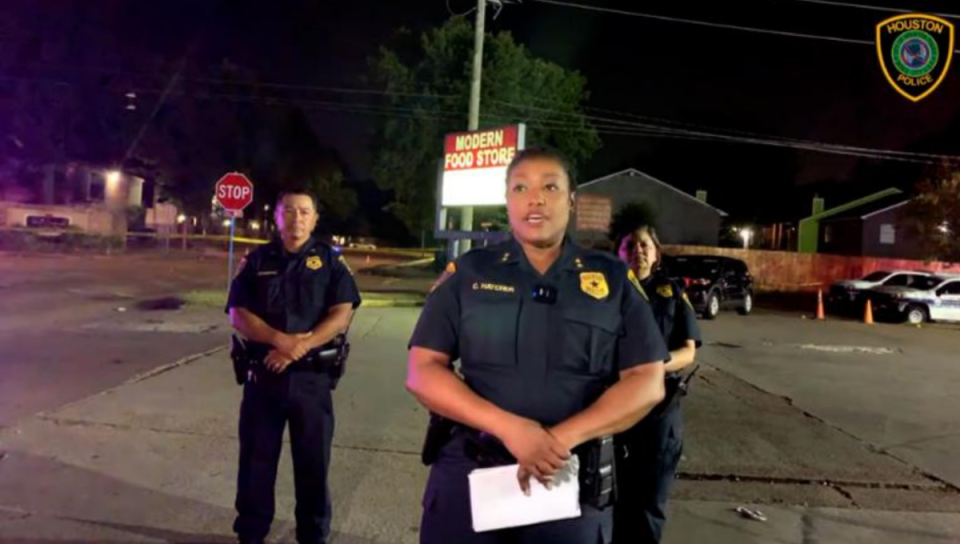 Houston assistant police chief Chandra Hatcher tells reporters about the fatal drive-by shooting that left a 5-year-old dead and an 8-year-old injured (Houston Police Department)
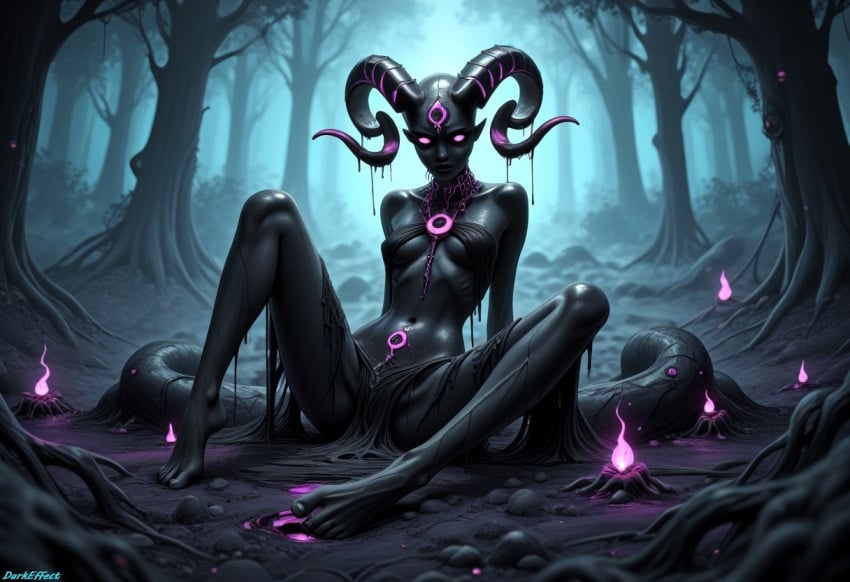 1girls ai_generated black_body black_skin clothed commission dark-skinned_female dark_background dark_skin darkeffect demon demon_girl demon_horns detailed female female_focus female_only forest glowing_eyes looking_at_viewer monster monster_girl nightmare_waifu on_floor petite petite_body petite_female pink_eyes solo solo_female solo_focus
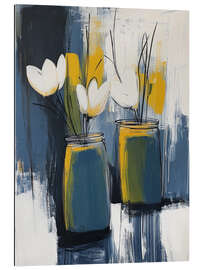Gallery print Three white tulips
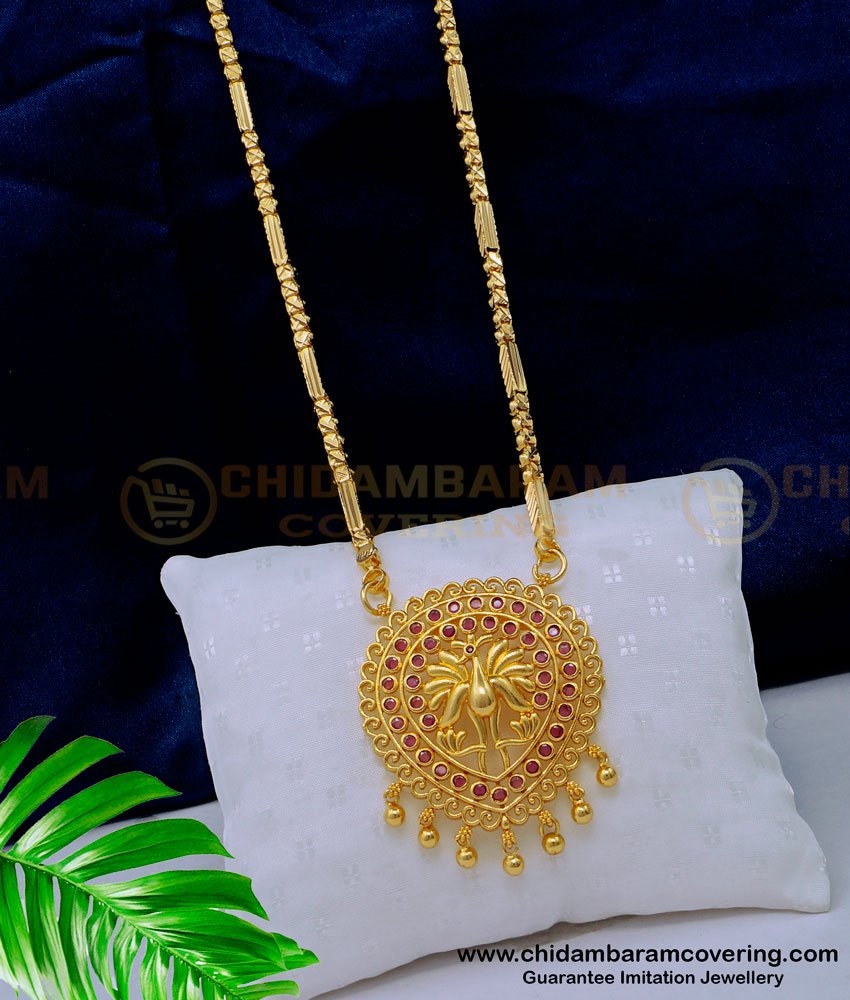 DCHN184 - One Gram Gold Peacock Model Ruby Pendant with Chain Design for Female 
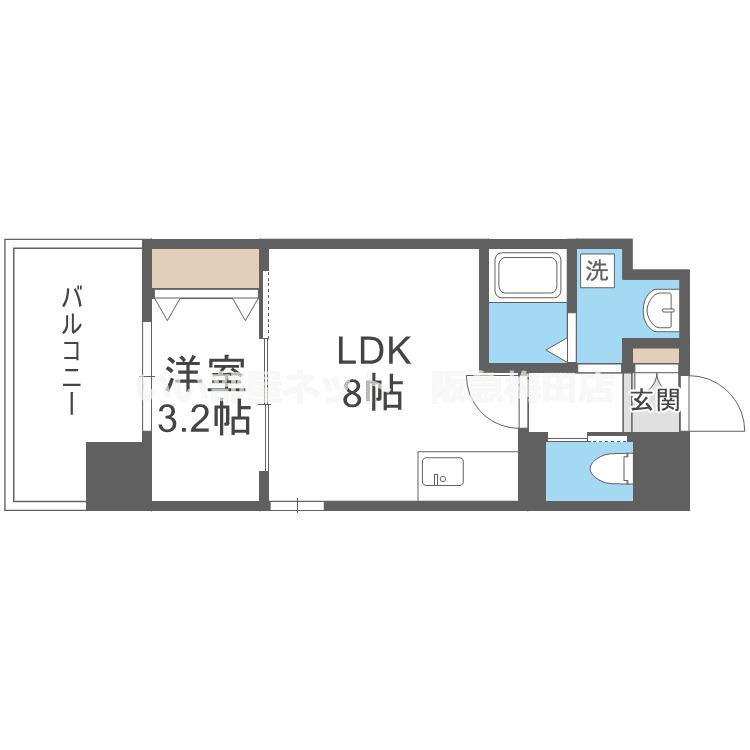 ビガーポリス486与力町公園II(1LDK/12階)の間取り写真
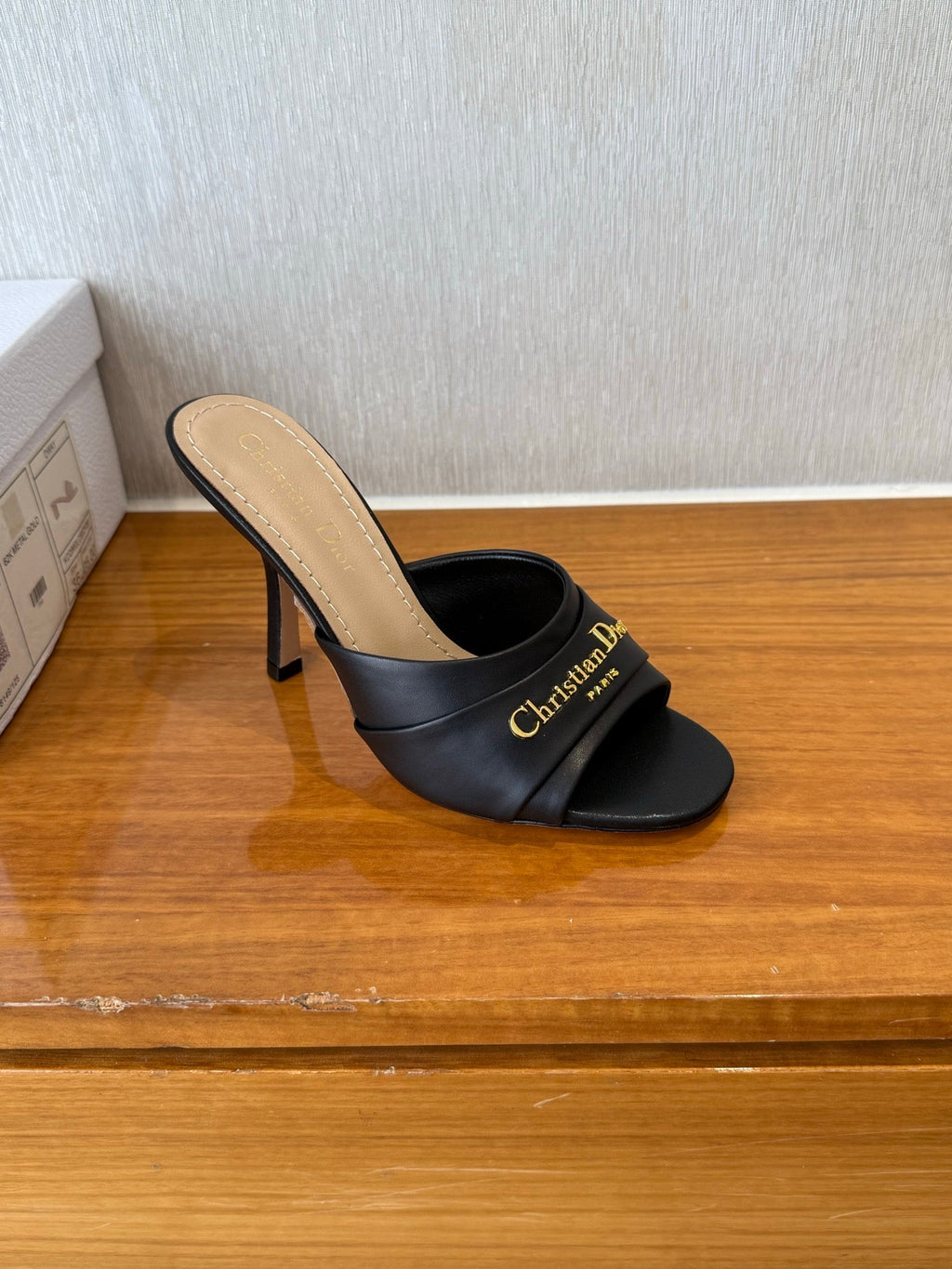DIOR PEEP TOE SANDAL 25S HEELS 10CM IN BLACK CALFSKIN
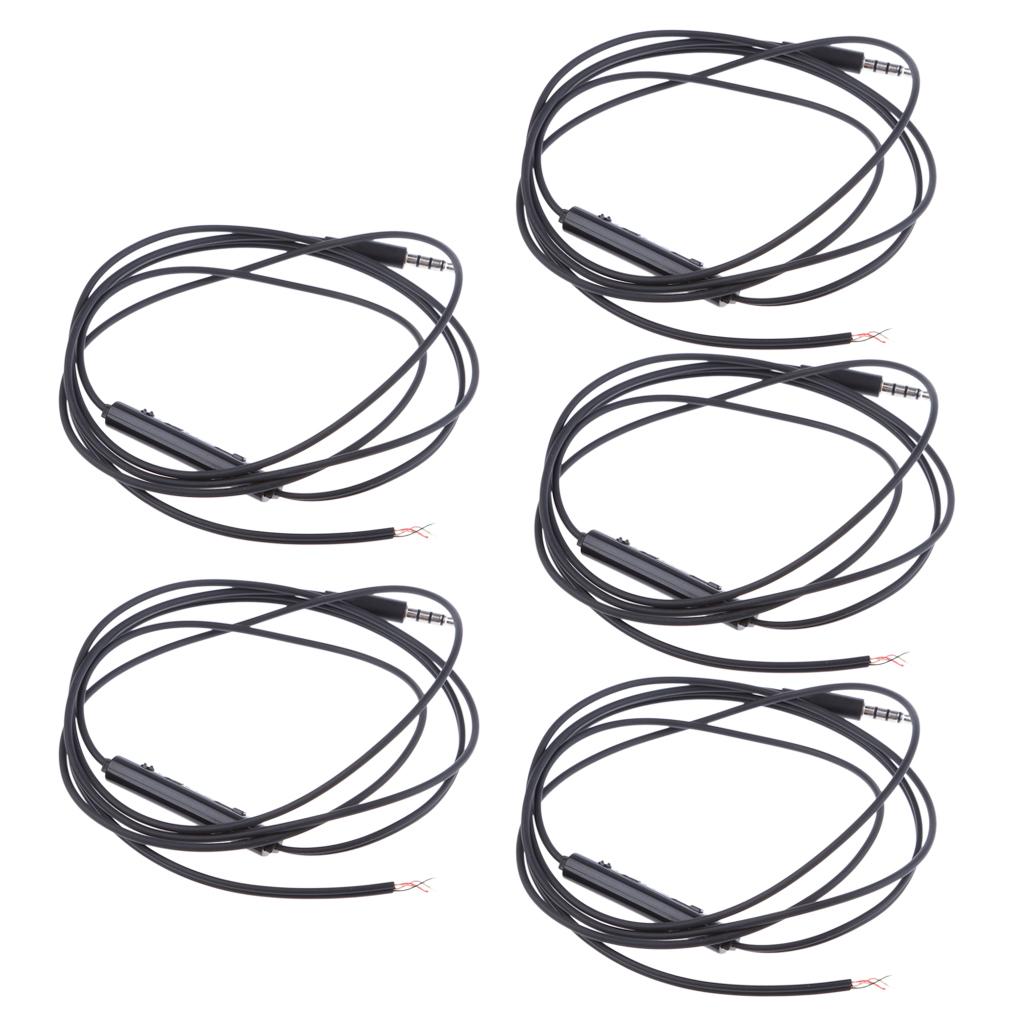 5Pieces 3.5mm DIY Earphone Audio Cable and Mic Volume Control Headphone Wire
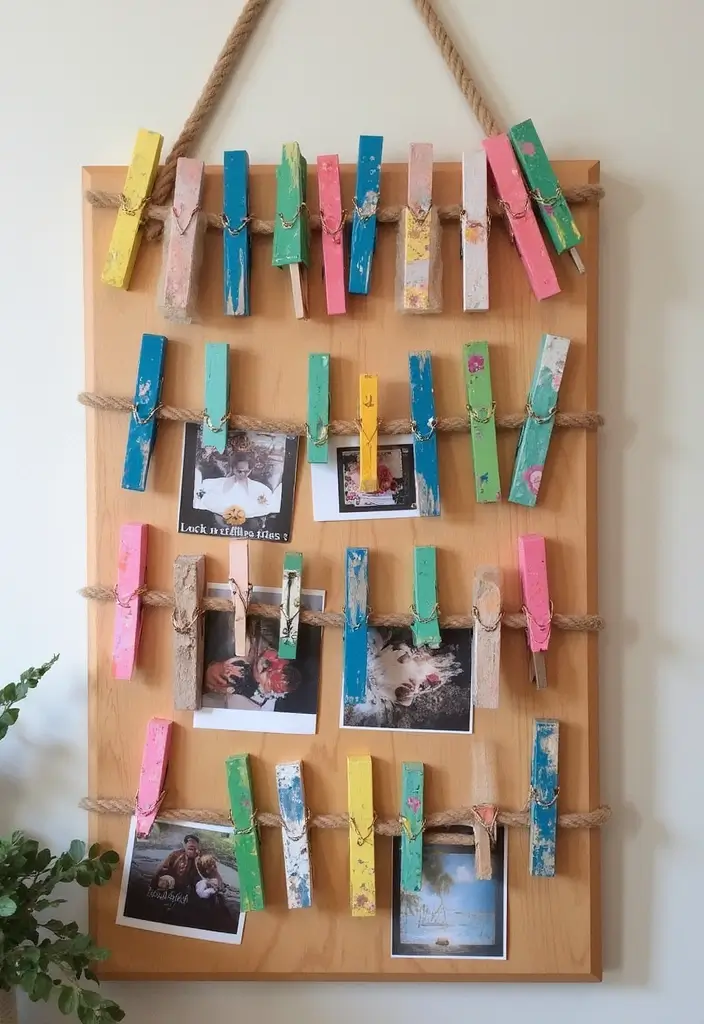 30 Easy DIY Home Decor Cheap Homemade Wall Art Craft Ideas That Inspire - 23. Clothespin Wall Art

▬▬▬▬▬▬

▶ PROBLEM DETAILS
Nothing but the pictures is to be left out; the rest of the listing should be copied exactly.

▶ SOLVED PROBLEM
 Houston assistant police chief Chandra Hatcher tells reporters about the fatal drive-by shooting that left a 5-year-old dead and an 8-year-old injured (Houston Police Department)
 1girls ai_generated black_body black_skin clothed commission dark-skinned_female dark_background dark_skin darkeffect demon demon_girl demon_horns detailed female female_focus female_only forest glowing_eyes looking_at_viewer monster monster_girl nightmare_waifu on_floor petite petite_body petite_female pink_eyes solo solo_female solo_focus
Gallery print Three white tulips
 DCHN184 - One Gram Gold Peacock Model Ruby Pendant with Chain Design for Female 
 ビガーポリス486与力町公園II(1LDK/12階)の間取り写真
DIOR PEEP TOE SANDAL 25S HEELS 10CM IN BLACK CALFSKIN
 5Pieces 3.5mm DIY Earphone Audio Cable and Mic Volume Control Headphone Wire
 30 Easy DIY Home Decor Cheap Homemade Wall Art Craft Ideas That Inspire - 23. Clothespin Wall Art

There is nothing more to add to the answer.